### Task goal
The answer must be an exact copy of the lines from the one containing "9203 SE 167th" through the last line of the records, with the pictures left out.

Extracted records:
---+---
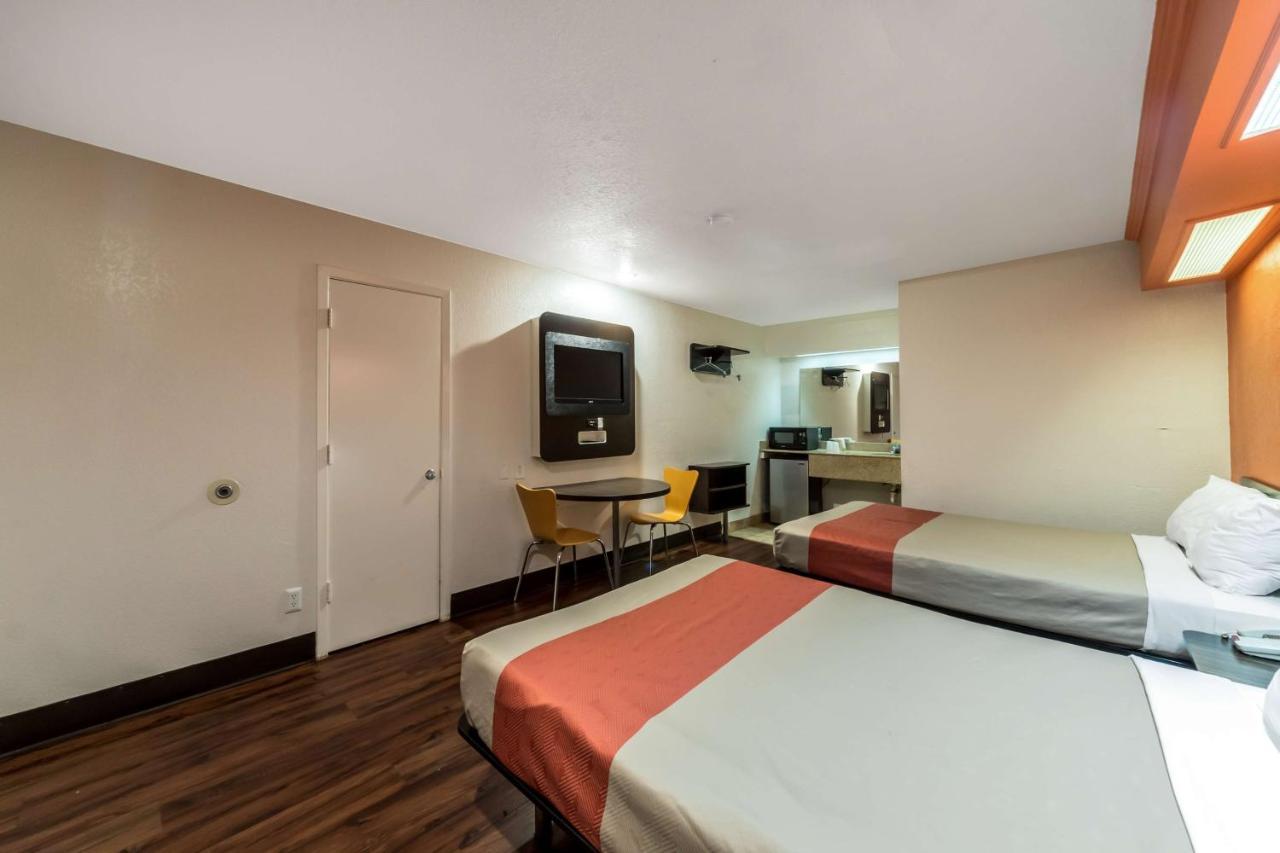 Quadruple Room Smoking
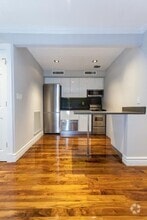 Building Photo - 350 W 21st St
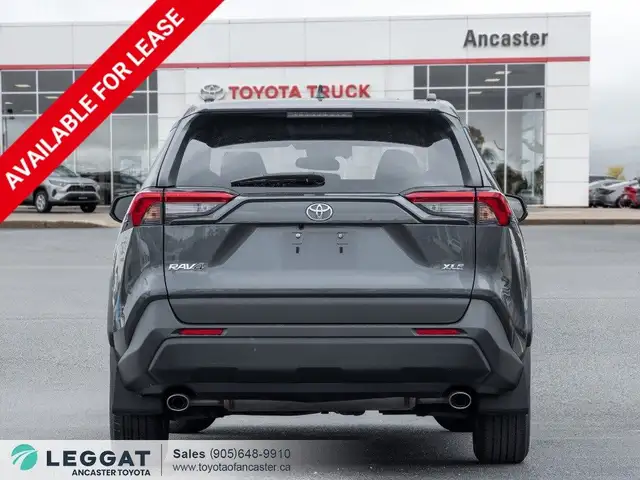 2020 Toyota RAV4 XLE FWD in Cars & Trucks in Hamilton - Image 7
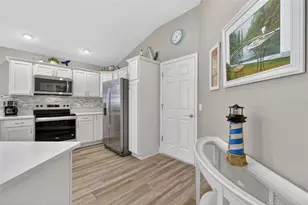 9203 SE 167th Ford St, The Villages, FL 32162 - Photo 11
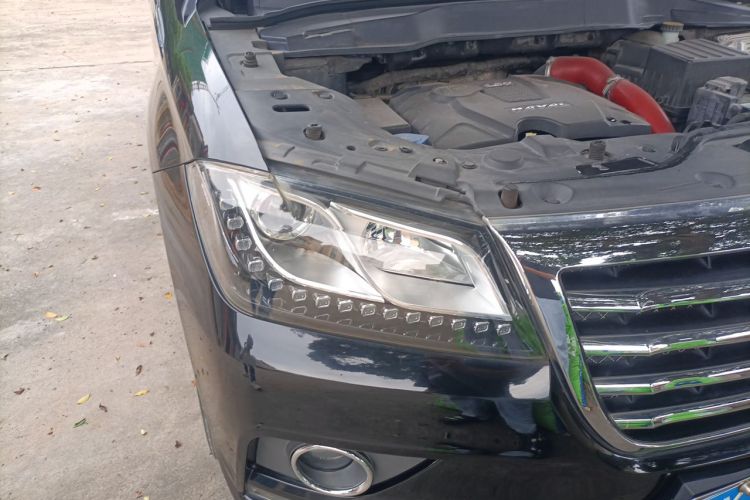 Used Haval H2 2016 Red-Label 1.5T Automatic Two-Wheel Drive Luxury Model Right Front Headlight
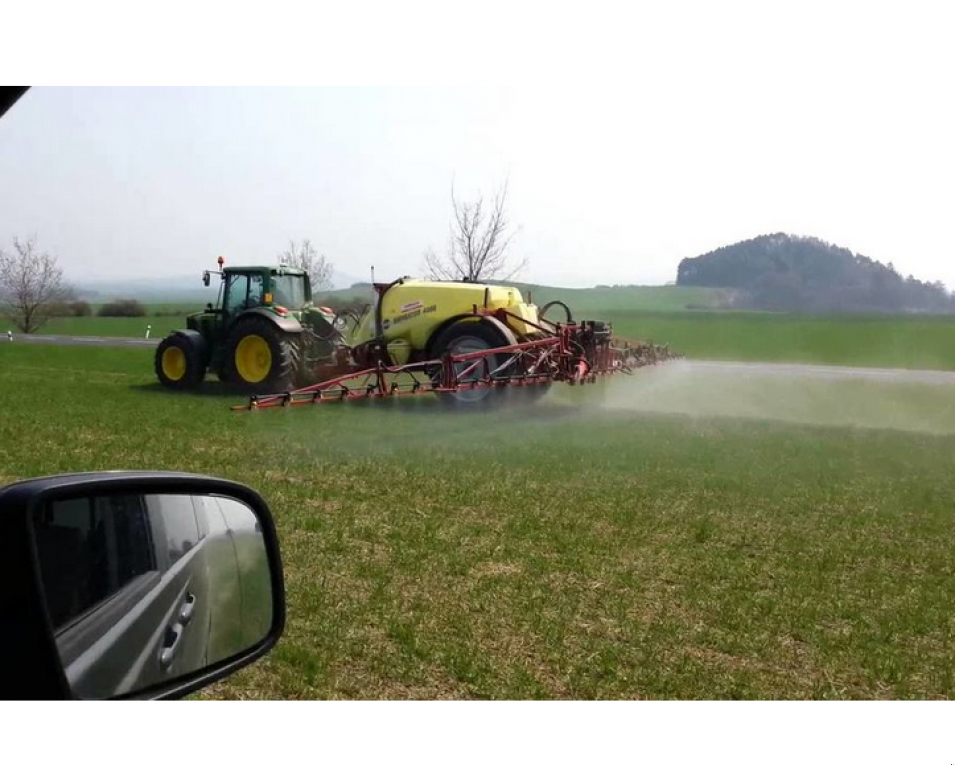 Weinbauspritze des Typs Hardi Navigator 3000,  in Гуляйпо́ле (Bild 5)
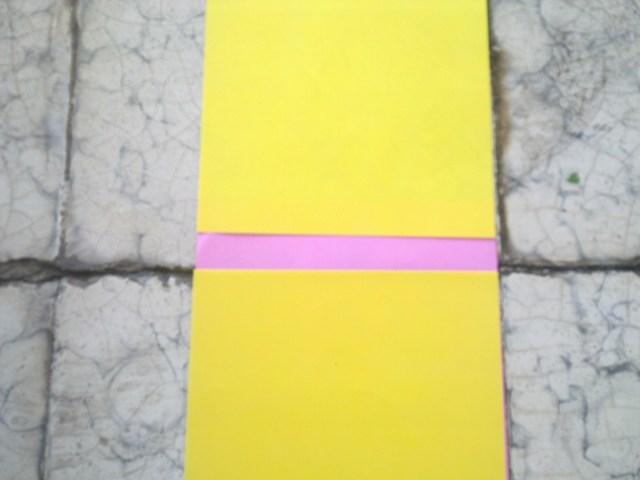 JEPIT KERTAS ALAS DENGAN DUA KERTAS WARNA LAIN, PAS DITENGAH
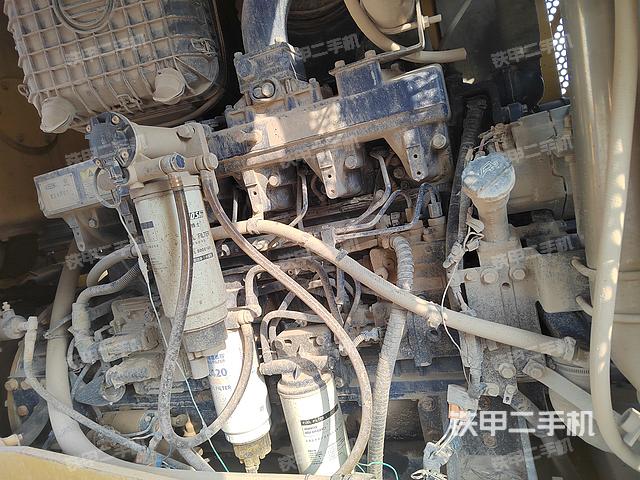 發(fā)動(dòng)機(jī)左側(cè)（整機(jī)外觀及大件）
---+---
### Answer for this exercise
 9203 SE 167th Ford St, The Villages, FL 32162 - Photo 11
 Used Haval H2 2016 Red-Label 1.5T Automatic Two-Wheel Drive Luxury Model Right Front Headlight
 Weinbauspritze des Typs Hardi Navigator 3000,  in Гуляйпо́ле (Bild 5)
 JEPIT KERTAS ALAS DENGAN DUA KERTAS WARNA LAIN, PAS DITENGAH
 發(fā)動(dòng)機(jī)左側(cè)（整機(jī)外觀及大件）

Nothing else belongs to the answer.